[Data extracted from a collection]
● ● ● ●

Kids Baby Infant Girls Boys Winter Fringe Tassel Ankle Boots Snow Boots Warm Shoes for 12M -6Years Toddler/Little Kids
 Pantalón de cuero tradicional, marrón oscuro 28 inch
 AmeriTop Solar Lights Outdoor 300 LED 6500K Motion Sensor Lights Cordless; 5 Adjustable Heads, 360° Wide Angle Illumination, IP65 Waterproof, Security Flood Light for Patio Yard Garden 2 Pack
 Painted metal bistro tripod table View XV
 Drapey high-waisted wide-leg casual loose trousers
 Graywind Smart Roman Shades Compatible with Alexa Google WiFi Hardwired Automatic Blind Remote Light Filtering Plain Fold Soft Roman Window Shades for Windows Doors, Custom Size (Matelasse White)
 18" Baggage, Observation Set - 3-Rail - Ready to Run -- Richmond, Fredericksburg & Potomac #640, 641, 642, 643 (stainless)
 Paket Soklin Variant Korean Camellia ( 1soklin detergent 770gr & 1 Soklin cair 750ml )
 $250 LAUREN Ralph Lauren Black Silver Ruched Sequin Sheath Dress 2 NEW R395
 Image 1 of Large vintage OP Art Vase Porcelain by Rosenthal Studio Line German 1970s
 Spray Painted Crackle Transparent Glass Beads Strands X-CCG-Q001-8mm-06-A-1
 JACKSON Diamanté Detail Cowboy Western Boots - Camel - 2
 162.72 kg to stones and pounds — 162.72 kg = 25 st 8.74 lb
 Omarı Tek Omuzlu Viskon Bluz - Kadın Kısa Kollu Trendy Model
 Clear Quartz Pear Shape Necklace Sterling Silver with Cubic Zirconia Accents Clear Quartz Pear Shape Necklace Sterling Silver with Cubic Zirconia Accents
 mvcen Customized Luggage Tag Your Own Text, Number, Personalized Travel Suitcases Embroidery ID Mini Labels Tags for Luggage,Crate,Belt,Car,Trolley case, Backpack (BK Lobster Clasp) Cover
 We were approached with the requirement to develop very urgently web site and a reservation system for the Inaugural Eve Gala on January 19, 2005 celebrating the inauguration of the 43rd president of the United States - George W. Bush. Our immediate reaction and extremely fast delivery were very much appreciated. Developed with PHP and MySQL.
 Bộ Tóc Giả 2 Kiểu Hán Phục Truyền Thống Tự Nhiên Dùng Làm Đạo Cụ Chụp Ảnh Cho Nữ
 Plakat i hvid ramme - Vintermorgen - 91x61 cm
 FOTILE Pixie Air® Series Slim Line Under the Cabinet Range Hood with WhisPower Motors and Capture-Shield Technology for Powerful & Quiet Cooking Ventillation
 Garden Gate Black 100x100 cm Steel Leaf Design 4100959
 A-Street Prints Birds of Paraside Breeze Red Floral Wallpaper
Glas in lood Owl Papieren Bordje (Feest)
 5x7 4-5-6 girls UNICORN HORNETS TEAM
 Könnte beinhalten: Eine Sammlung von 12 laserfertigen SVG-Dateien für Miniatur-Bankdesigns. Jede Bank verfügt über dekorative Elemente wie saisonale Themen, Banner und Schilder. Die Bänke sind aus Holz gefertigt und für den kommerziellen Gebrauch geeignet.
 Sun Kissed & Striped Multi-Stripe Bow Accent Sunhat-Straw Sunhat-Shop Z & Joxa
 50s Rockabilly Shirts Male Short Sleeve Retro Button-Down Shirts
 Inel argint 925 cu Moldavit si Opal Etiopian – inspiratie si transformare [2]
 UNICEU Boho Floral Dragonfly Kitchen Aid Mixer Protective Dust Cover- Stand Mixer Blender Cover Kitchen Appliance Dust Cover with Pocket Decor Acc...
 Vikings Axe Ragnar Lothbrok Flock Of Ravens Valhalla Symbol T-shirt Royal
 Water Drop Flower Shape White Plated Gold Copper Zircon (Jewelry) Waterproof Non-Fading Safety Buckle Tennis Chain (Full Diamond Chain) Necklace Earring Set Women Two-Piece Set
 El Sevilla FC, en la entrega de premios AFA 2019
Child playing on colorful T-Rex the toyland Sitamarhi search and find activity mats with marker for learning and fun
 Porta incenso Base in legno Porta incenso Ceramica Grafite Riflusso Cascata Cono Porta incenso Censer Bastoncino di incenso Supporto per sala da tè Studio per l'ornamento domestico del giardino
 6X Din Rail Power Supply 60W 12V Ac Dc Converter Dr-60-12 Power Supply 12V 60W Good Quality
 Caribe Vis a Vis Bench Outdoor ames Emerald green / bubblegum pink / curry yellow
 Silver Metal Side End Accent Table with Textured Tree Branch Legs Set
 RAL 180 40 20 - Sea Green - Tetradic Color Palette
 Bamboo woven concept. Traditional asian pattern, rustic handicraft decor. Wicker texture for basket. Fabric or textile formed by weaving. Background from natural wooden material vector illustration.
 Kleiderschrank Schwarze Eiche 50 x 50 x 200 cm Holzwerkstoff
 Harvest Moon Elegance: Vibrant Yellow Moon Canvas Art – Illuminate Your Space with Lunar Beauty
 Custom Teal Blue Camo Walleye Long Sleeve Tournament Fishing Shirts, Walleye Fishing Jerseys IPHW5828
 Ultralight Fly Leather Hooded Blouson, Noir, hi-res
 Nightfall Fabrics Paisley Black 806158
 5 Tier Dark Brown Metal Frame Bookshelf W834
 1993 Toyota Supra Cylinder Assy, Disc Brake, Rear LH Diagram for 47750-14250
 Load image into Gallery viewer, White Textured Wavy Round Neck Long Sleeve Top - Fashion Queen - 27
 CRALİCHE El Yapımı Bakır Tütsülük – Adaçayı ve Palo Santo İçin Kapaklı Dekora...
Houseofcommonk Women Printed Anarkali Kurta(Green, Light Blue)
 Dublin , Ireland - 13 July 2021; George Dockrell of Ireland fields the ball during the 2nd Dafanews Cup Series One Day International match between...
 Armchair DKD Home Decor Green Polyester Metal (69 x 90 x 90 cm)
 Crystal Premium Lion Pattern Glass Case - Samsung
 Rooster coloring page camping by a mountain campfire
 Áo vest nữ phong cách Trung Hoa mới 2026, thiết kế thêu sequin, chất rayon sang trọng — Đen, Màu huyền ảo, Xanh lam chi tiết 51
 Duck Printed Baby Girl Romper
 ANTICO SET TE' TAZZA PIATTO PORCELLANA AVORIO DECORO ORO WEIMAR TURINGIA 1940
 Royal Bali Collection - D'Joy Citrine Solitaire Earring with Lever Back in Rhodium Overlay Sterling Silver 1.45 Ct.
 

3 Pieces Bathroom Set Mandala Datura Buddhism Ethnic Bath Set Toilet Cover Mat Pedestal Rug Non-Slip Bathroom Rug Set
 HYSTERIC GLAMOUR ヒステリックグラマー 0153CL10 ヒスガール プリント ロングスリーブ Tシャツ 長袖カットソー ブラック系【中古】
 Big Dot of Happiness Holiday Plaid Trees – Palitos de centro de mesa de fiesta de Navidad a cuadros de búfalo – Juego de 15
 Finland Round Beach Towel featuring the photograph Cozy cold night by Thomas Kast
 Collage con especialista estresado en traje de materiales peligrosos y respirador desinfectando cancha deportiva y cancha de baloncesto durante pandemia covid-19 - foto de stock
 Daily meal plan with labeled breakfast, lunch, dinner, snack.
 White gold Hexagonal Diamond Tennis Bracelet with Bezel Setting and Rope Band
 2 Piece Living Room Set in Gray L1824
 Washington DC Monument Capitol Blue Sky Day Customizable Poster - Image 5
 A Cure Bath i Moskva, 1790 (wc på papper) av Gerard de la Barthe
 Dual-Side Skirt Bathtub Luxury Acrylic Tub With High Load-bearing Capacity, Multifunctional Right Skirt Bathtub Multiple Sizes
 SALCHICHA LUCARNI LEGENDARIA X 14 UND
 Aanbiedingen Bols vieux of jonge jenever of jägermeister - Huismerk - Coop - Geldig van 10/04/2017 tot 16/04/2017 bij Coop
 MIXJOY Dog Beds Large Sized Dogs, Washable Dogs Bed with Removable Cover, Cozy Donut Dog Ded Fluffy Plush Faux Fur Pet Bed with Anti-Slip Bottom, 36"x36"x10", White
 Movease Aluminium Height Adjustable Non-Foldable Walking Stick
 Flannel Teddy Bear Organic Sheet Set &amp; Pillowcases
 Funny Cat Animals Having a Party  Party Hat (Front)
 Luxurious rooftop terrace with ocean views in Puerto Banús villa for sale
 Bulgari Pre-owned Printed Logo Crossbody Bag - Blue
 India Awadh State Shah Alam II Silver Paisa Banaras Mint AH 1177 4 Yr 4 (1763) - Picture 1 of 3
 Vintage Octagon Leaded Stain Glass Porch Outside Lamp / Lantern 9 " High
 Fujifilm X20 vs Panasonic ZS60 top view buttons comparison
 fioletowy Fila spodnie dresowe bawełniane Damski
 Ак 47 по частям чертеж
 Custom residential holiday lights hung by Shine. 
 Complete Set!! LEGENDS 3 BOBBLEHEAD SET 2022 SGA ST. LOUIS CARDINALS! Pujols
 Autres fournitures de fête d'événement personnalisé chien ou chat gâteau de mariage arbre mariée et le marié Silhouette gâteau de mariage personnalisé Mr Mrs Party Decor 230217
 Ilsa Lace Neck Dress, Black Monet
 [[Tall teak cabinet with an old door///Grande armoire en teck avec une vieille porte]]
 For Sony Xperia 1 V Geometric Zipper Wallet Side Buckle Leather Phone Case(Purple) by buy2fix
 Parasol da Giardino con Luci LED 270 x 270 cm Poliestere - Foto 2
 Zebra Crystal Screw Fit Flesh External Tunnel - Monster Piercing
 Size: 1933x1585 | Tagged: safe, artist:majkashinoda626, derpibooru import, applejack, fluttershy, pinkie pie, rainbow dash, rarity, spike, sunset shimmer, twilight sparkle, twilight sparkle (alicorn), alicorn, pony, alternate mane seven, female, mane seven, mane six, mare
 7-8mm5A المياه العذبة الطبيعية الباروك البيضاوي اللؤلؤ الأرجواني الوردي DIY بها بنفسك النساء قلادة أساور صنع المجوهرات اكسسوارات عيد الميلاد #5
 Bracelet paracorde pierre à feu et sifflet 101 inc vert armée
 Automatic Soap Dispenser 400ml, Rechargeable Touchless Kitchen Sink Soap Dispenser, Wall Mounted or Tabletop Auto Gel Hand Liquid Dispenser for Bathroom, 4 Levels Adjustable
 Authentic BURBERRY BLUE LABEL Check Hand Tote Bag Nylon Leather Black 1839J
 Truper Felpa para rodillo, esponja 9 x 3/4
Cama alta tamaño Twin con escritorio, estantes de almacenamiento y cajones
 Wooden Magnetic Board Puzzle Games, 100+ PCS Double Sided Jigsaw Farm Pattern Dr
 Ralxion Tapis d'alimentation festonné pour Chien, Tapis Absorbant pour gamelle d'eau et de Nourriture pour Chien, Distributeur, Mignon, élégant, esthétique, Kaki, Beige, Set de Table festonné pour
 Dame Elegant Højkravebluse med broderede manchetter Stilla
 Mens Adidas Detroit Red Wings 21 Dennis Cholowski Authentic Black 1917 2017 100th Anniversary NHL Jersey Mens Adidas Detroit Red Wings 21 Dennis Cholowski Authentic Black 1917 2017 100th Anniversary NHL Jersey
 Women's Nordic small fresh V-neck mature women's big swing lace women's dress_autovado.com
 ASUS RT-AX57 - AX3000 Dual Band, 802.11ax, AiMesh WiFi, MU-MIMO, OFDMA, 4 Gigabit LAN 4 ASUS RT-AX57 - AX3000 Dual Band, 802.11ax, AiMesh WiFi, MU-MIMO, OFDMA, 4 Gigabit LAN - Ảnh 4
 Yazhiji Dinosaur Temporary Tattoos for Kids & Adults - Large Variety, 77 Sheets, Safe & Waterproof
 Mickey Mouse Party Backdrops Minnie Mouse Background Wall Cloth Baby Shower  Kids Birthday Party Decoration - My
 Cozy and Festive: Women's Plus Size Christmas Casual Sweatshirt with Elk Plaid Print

● ● ● ●

» Task requirements: Your reply should be a single number: how many lines in the entries above hold the string "Load".

» Exercise answer: 2